● What the task asks:
Please retype the entries that follow exactly as they are, leaving the images behind.
(Given records)
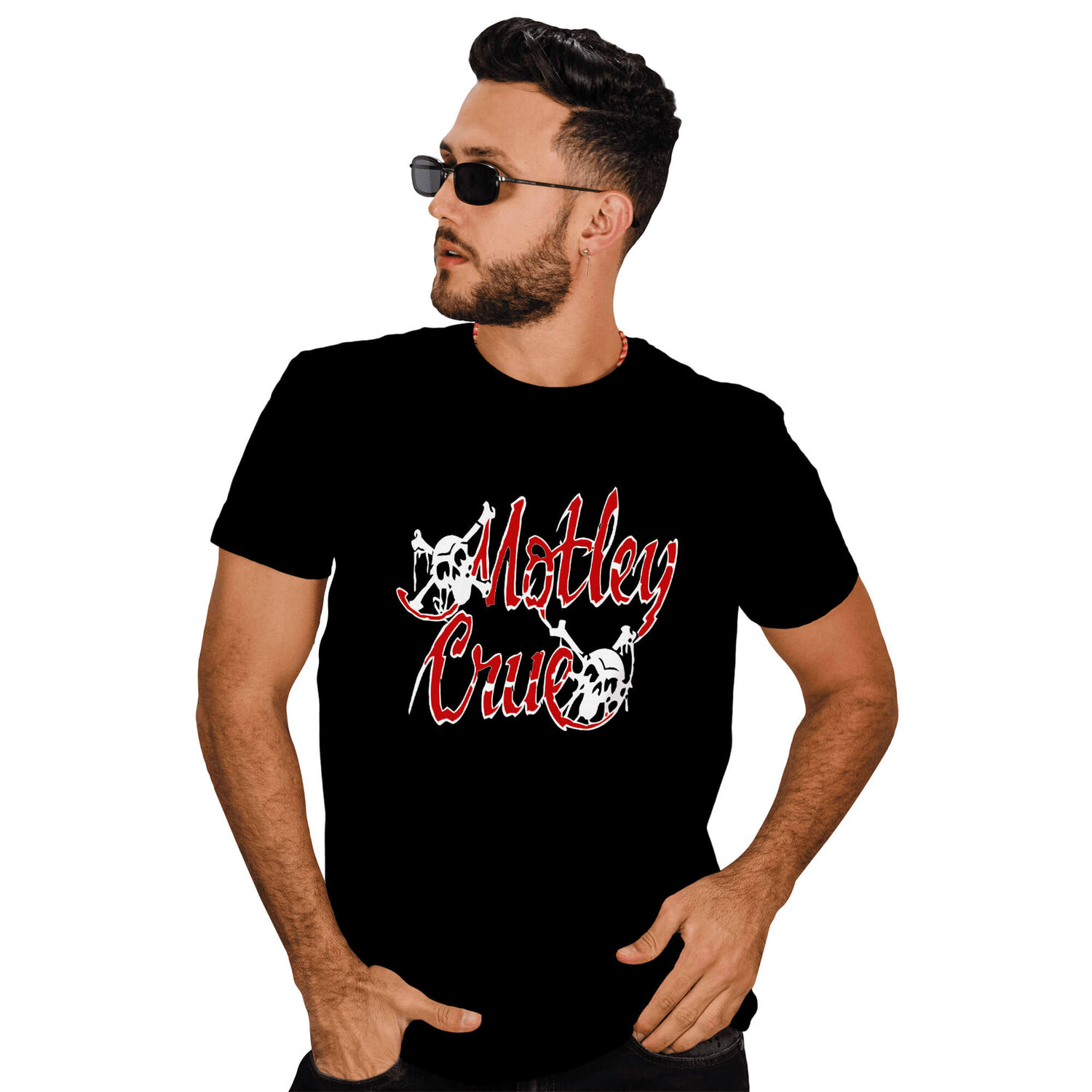 Polera Hombre Motley Crue Metal Rock image number 0.0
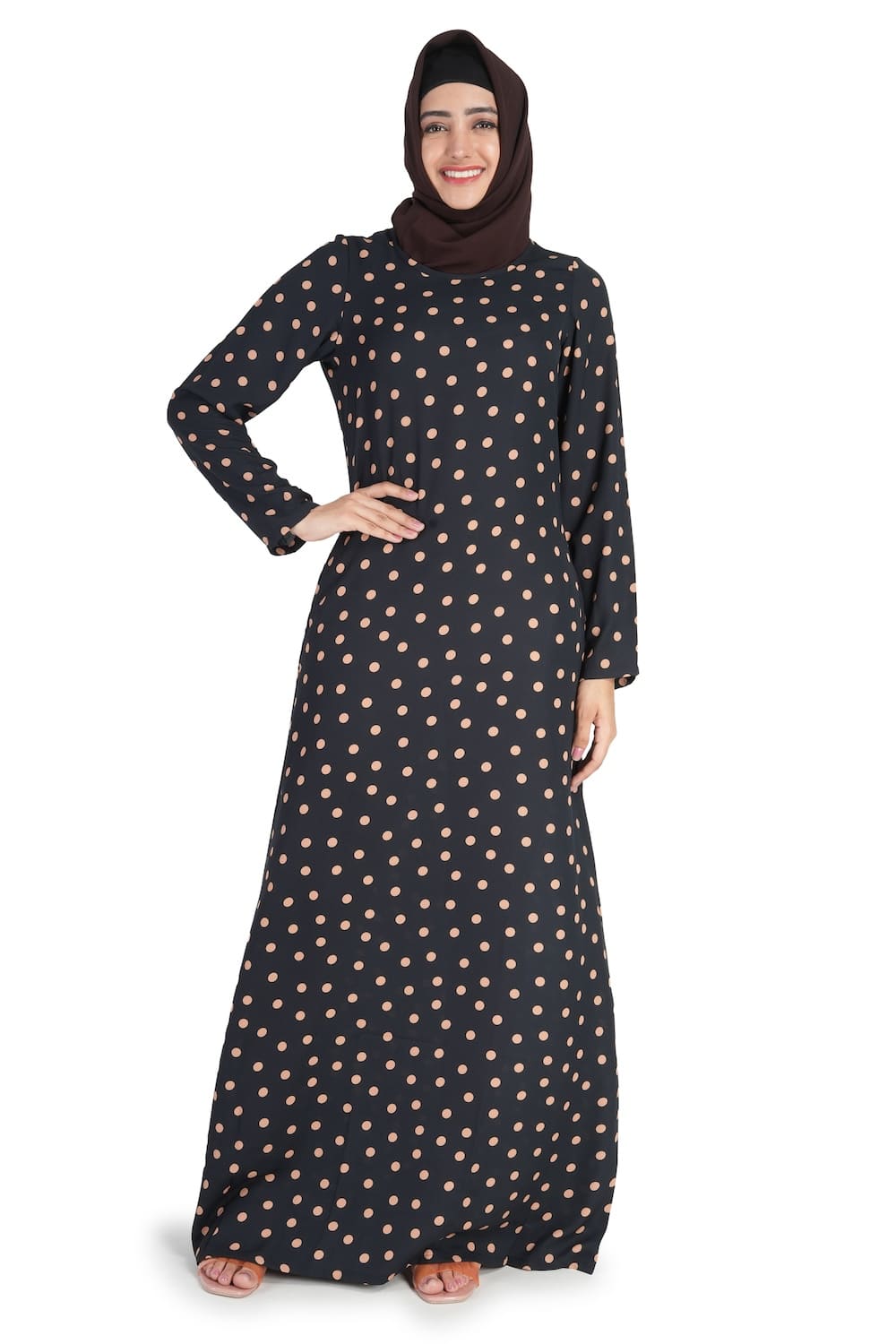 Printed Crepe Abaya AYP-514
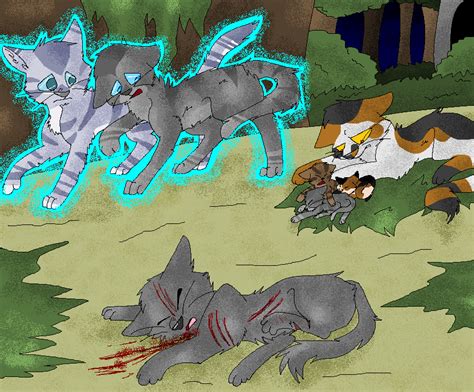 Jayfeather Showing Cinderheart Her As Cinderpelt Warrior Cats Fan Art Warrior Cats Warrior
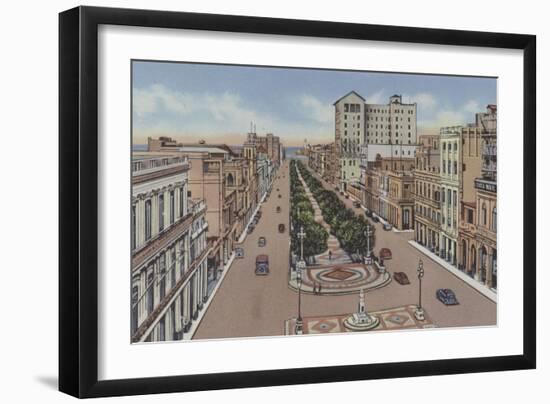 Paseo De Marti O Prado, Marti or Prado Promenade-American Photographer-Framed Photographic Print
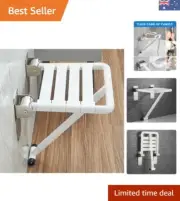 Compact Stainless Steel Shower Stool for Safe & Comfortable Bathing Experience
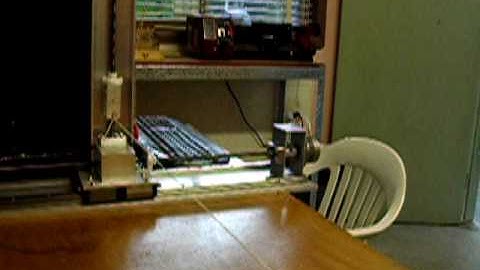 4 Axis CNC foam cutter test-run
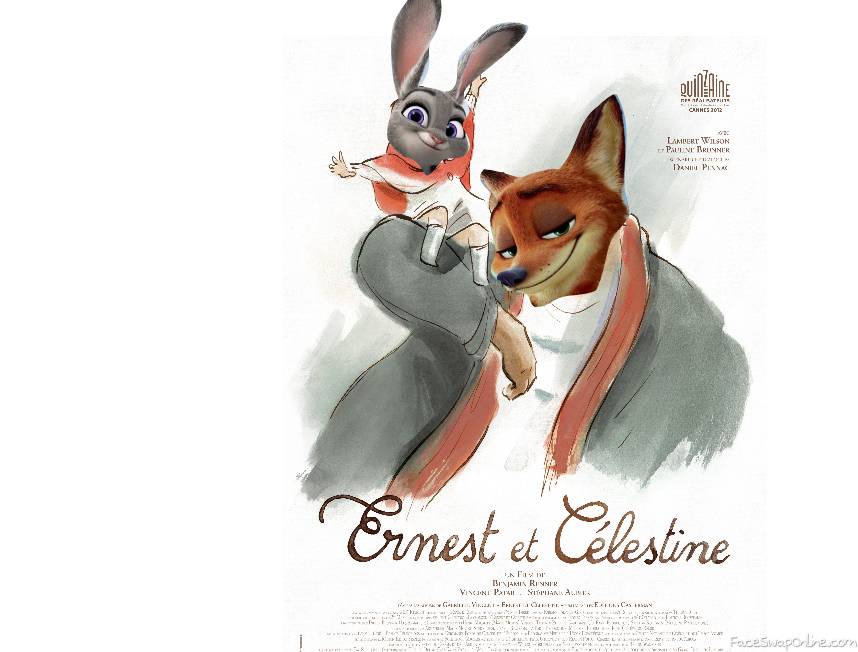 Nick Wilde and Judy Hopps as Ernest and Celestine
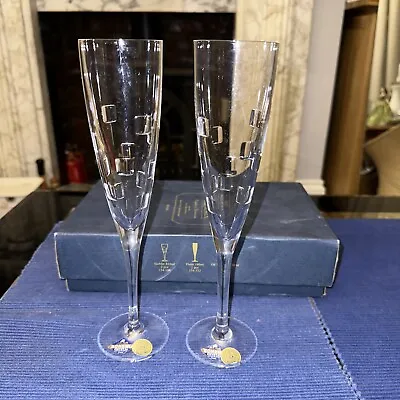 Buy Jihlava Crystal Glass Hand Cut 24% PbO Czech Republic Champagne Glass • 24£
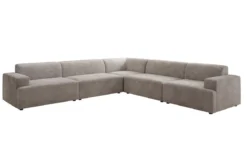 Designer Ecksofa Monza Wohnlandschaft XXL in Samt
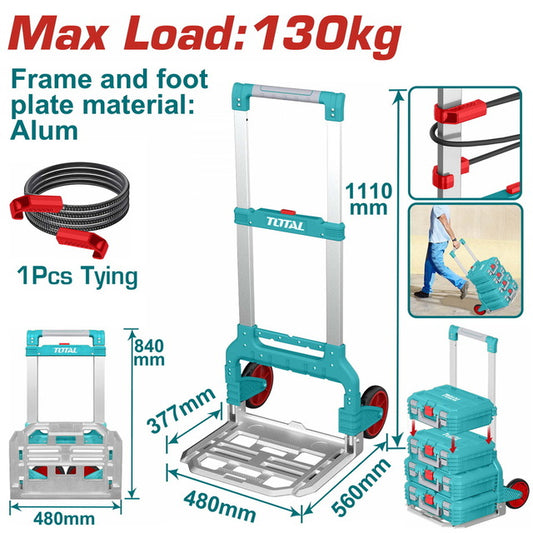 Total Foldable Hand Trolley For Stackable Tool Boxes(Sold Seperately) Professional THWB61201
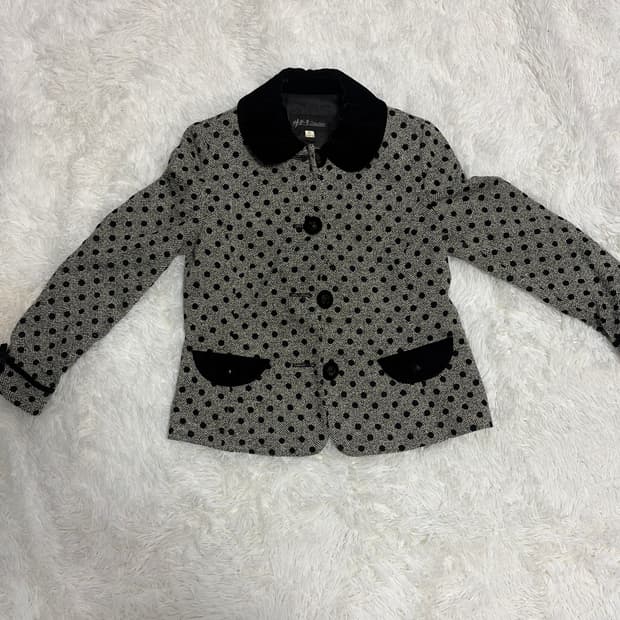 히메갸루 일본 아메카지 도트 자켓 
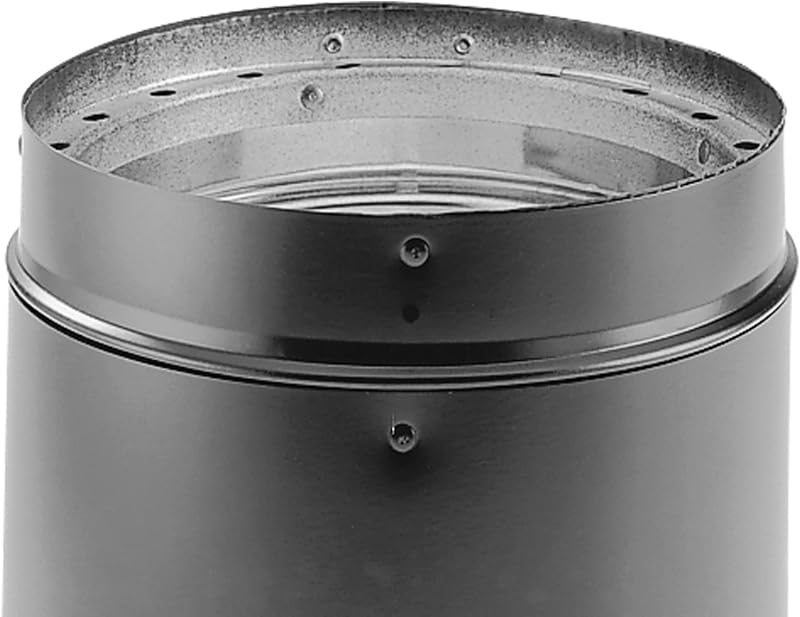 Chimenea Dura-Vent DVL Tubo Negro Doble Pared 6"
(End Given records)
● Completed exercise:
 Polera Hombre Motley Crue Metal Rock image number 0.0
 Printed Crepe Abaya AYP-514
 Jayfeather Showing Cinderheart Her As Cinderpelt Warrior Cats Fan Art Warrior Cats Warrior
 Paseo De Marti O Prado, Marti or Prado Promenade-American Photographer-Framed Photographic Print
 Compact Stainless Steel Shower Stool for Safe & Comfortable Bathing Experience
 4 Axis CNC foam cutter test-run
 Nick Wilde and Judy Hopps as Ernest and Celestine
 Buy Jihlava Crystal Glass Hand Cut 24% PbO Czech Republic Champagne Glass • 24£
 Designer Ecksofa Monza Wohnlandschaft XXL in Samt
 Total Foldable Hand Trolley For Stackable Tool Boxes(Sold Seperately) Professional THWB61201
 히메갸루 일본 아메카지 도트 자켓 
 Chimenea Dura-Vent DVL Tubo Negro Doble Pared 6"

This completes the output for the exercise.